Concretely the vault contains in theory at any time more than 100% of underlying collateral (USDC/DAI) equivalent cToken with leverage. so 100% of exit() call can withdraw the position at anytime. - Emergency Shutdown -

I believe the liability is on the cToken, and the assert value is the underlying assert minus the leverage position taken.

During the “harvest()” call
If we are under 100.1% of the join value in usdc, we sell COMP inside the join to top up the underlying collateral with the product of the sell.
If we are over we send excess to the delegator.

The 100.1% is here to cover the eventuality of a negative interest with no COMP - it gives us probably around 2 weeks to take action ( with 0.1% over collateralization).

However, there is a risk that cToken can’t provide the full amount promised during the redeem - sort of real world company bankruptcy where you get only 1/2 of your money -. This risk is probably the same with any others collateral. I believe the overall risk is the same as the cropJoin one which has been evaluated already for cUsdc risk evaluation .
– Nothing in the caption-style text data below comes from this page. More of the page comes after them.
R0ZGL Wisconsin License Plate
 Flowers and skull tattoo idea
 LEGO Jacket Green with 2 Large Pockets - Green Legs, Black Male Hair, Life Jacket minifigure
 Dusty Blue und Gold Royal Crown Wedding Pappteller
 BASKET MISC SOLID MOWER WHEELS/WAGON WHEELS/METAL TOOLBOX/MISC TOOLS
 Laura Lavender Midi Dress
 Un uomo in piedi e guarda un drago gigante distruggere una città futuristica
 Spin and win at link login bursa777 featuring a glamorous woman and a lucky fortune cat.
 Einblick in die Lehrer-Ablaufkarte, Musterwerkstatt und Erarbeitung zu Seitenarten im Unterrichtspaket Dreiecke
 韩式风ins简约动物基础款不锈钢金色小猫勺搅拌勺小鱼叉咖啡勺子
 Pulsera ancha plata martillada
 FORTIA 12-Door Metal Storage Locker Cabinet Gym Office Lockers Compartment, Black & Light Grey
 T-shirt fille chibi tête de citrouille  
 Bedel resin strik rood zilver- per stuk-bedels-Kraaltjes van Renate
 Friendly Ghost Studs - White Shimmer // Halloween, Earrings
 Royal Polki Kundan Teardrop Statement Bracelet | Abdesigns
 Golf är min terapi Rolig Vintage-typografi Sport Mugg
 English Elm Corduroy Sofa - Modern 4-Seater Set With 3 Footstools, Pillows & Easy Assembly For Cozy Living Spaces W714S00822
Yeah so what i am really trying to question here is the legality of converting the USDC to cUSDC in the join. Not sure that would be allowed in real world finance, and if it isn’t i think we need to wrangle with the idea that it would be a limitation that we should impose on ourself as well.

Further in the event that of a compound insolvency issue. Where does the buck stop? Who is on the hook for the protocols DAI liabilities?

CropJoin does exactly the same.

Real world finance do exactly the same at a level up, last example is : gameStop.
You deposit money in your account they lend it to the central bank.
You deposit share in your account they lend it to hedge found.
You take a credit for your house they package it and sell it as an exotic product.

Also here the Dai overall liability is not on this vault it is on the all system.

All line inside this vault is own by us at the difference of cropJoin.
Maker is the only owner of this assert, therefore we don’t have liability to return it.

Not a specific asset, but $1 of assets. Someone can borrow from a vault (using the loan on the vault as collateral) buy some USDC from a third party and at some point clear the debt and the vault. The third-party having DAI still has a claim on Maker even if the originating vault doesn’t exist anymore.

Sure but i think this explanation still skirts the question at hand. Can maker (the party with the DAI liability) transfer ownership of the asset (the loan in the quote here / the USDC used to mint dai in this MIP) to some other entity such as compound without first paying down that liability.

I get that the claim on the asset (i.e Collateral) is fungible. I just don’t really know where to draw the line about transferring ownership of these assets, and I think in the real world a transfer of ownership would require us to pay down the liability first.